What is Dependency Injection?

Dependency injection is a basic object-oriented pattern for complying with Dependency Inversion Principle (DIP). Note they are not the same thing. Injection is just a sort of implementation of DIP. A C# example would be to pass dependencies to your constructor rather than using the 'new' keyword.

Non-Injected Example

  public class WithoutInjectionController : Controller {
    public ActionResult Index() {
      //Notice here we are "reaching" directly for a concrete type here
      var userService = new UserService();
      var currentUser = userService.CurrentUser();
      return View();
    }
  }

Injected Example

  public class InjectedController : Controller {
    IUserService _userService;

    //With injection, we are asking for an implementation to be given to us.
    public AdminController(IUserService userService) {
      _userService = userService;
    }

    public ActionResult Index() {
      var currentUser = _userService.CurrentUser();
      return View();
    }
  }

It's important to differentiate this simple pattern from a full-fledged "Dependency Injection Container".

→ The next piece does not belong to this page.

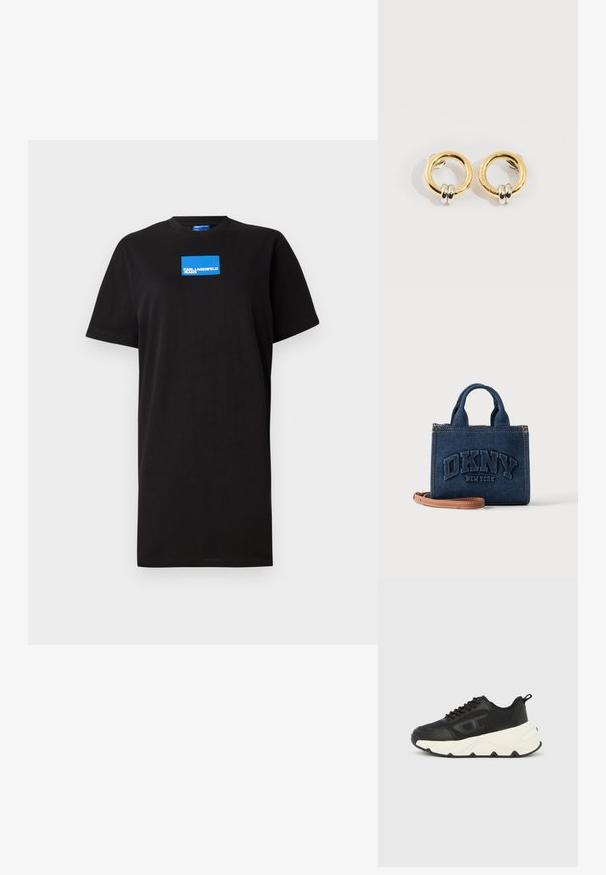 Sort bomulds T-shirt med afslappet pasform, der har korte ærmer og et blåt rektangulært logo på forsiden. Enkel design, ingen mønstre eller accenter.; Sort sneaker med tyk hvid sål, tonet logo på siden, snørelukning foran og trækflig på hælen, vist i venstre profil på lys baggrund.; Lille blå denimhåndtaske med korte håndtag, brun læderrem og forhøjet "DKNY New York" logo foran.; Guld cirkulære øreringe med to små sølv-ringe på hver, der viser subtile indgraverede mærkenavne detaljer, sat på en hvid baggrund.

What are Dependency Injection Containers?

Dependency injection containers are tools that provide helpful features over a code base that implements the dependency injection pattern described above. These containers are primarily used to define your dependencies and automatically resolve instances of dependencies when instantiating an object. Another feature often used is the ability to control the lifetime scoping of your instances. Think singleton, transient, and unit of work. Popular containers you've probably heard of from the C# arena would be Ninject, Autofac, StructureMap, etc.